Un pacte sinon rien (cadavre exquis)


Épisode 9
De rouge et de noir
Michel Roberge

 
Le 9 janvier. Ce mémorable deuxième samedi de janvier 2010. L’Europe était alors handicapée par un froid glacial et des chutes de neiges abondantes. La France n’y avait pas échappé avec de nombreuses perturbations sur le réseau routier et des pannes d’électricité localisées. Geneviève en avait un tout autre souvenir : traumatisant et obsédant.

Mais comment Elias Armand avait-il pu être mis au courant de ce qui s’était passé, ce jour-là, dans cet appartement de la rue du Temple ? Cet avertissement, rédigé à la main sur un fragment de papier vergé écru, la troublait. Identique à celui d’un manuscrit que lui avait fait parvenir à la fin de l’automne 2009 un jeune auteur à ses toutes premières armes.

Sanglée dans sa robe de chambre, Geneviève se précipita dans la pièce qui lui servait de bureau. Tout semblait intact. Rien ne laissait paraître que son agresseur avait procédé à une fouille, à la recherche d’une preuve tangible à exhiber aux autorités policières. Dans une potiche servant d’appui-livres, elle récupéra nerveusement la clé du tiroir où elle conservait le manuscrit original qu’elle avait à l’époque accepté de publier. Mais que les événements l’en avaient empêché. Le document était toujours à sa place, dans une enveloppe scellée. Ce qui suffit à peine à la rassurer.

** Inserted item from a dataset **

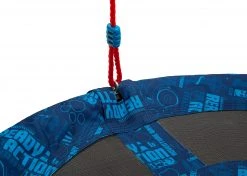 Delta Children Outdoor PAW Patrol 40-Inch Saucer Swing For Kids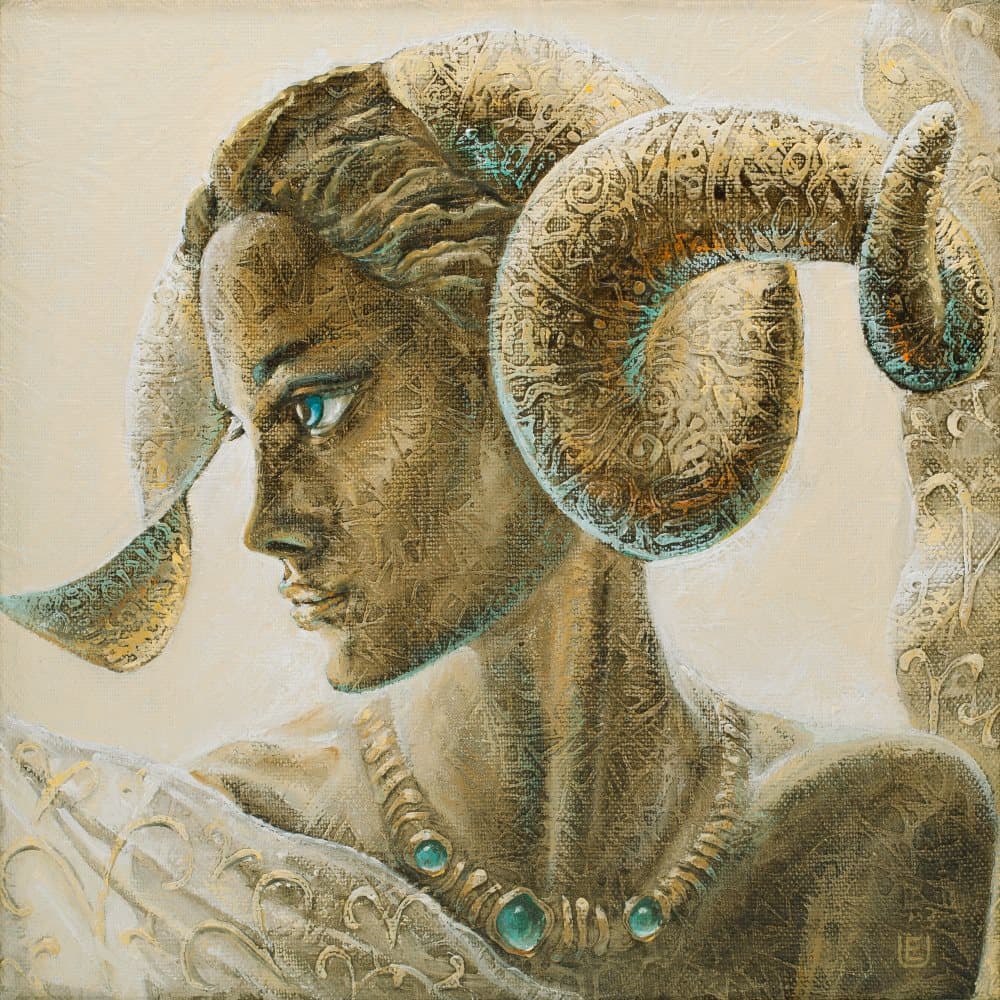 Zodiak Baran — Eurika Urbonavičiūtė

Les images du passé qu’elle croyait avoir enfouies dans les méandres les plus marécageux de son cerveau remontaient déjà à la surface.

* - * - * 

À l’époque, Geneviève avait été séduite par la prose intimiste et décadente et subjuguée par le charme maléfique d’un nouvel auteur, Francis T., un éphèbe musclé au visage juvénile dont l’imaginaire lubrique et morbide était sans limites. Elle était surtout convaincue de détenir le best-seller de la décennie qui rendrait jaloux le milieu français de l’édition. Une romance noire écrite avec un porte-plume, tantôt à l’encre rouge, tantôt à l’encre noire, selon le déroulement de la trame scénaristique dans lequel une éditrice sadique et son auteur pervers outrepassaient les limites de leurs relations professionnelles.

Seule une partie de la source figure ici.